While the rest of CNN pretended to be shocked that Jeff Zucker carried on an affair with the network’s EVP and CMO Allison Gollust, a plucky handful openly lamented the news of their (now former) boss’s rushed resignation.
“This was an incredible loss,” anchor Alisyn Camerota said on air. “Jeff is a remarkable person and an incredible leader. He has this uncanny ability to make every one of us feel special and valuable. It is so regrettable how it happened. These are two consenting adults who are both executives, that they can’t have a private relationship? It feels wrong.”

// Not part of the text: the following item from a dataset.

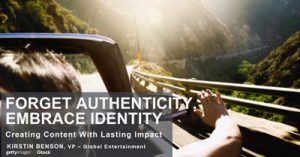 Forget-Authenticity-Embrace-identity-The-Key-to-Creating-Content-With-a-Lasting-Impact-bos19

Well, it’s interesting that Camerota, a former Fox News anchor who has refused to shut up about how much she loathes her onetime employer, doesn’t understand how clandestine workplace sexual favors introduce perverse incentive structures. To put it in a more crass way, screwing your boss screws over the rest of your colleagues.
Since Camerota clearly doesn’t remember her own ordeal with the late sex pest Roger Ailes, here’s the idiot’s guide to why sleeping with a subordinate is bad.
For starters, subordinates secretly offering sex to a superior or a superior secretly soliciting sex from a subordinate distorts the playing field in the workplace. A legitimate workplace relationship operates with the assumption that internal conflicts of interest must be set aside to avoid an appearance of impropriety. But even a supposedly consensual affair like Gollust’s allows the Zuckers of the world to pass over women who don’t offer the same sexual favors. Just as producers like Harvey Weinstein could ruin actresses’ careers when they refused him and others didn’t, the presence of transactional sex in any workplace rigs the game against those who refuse to play it.
Of course, all of this ignores the layers upon layers of professional and journalistic conflicts of interest involved in an affair in a national newsroom, as well as the resultant occasions for blackmail. In CNN’s case, it’s like a Russian nesting doll of creepy behavior. Chris Cuomo was ethically and journalistically compromised because he was helping cover for his brother Andrew’s alleged sexual misconduct. Zucker, in turn, was ethically and journalistically compromised because he was helping to cover for Chris’s alleged sexual misconduct.
And of course, the only reason Zucker had an investment here was that Chris knew about the Gollust affair, which he evidently did reveal upon his final exit from CNN. To borrow a term CNN hasn’t been able to shut up about for the last five years, I believe the term for that is kompromat.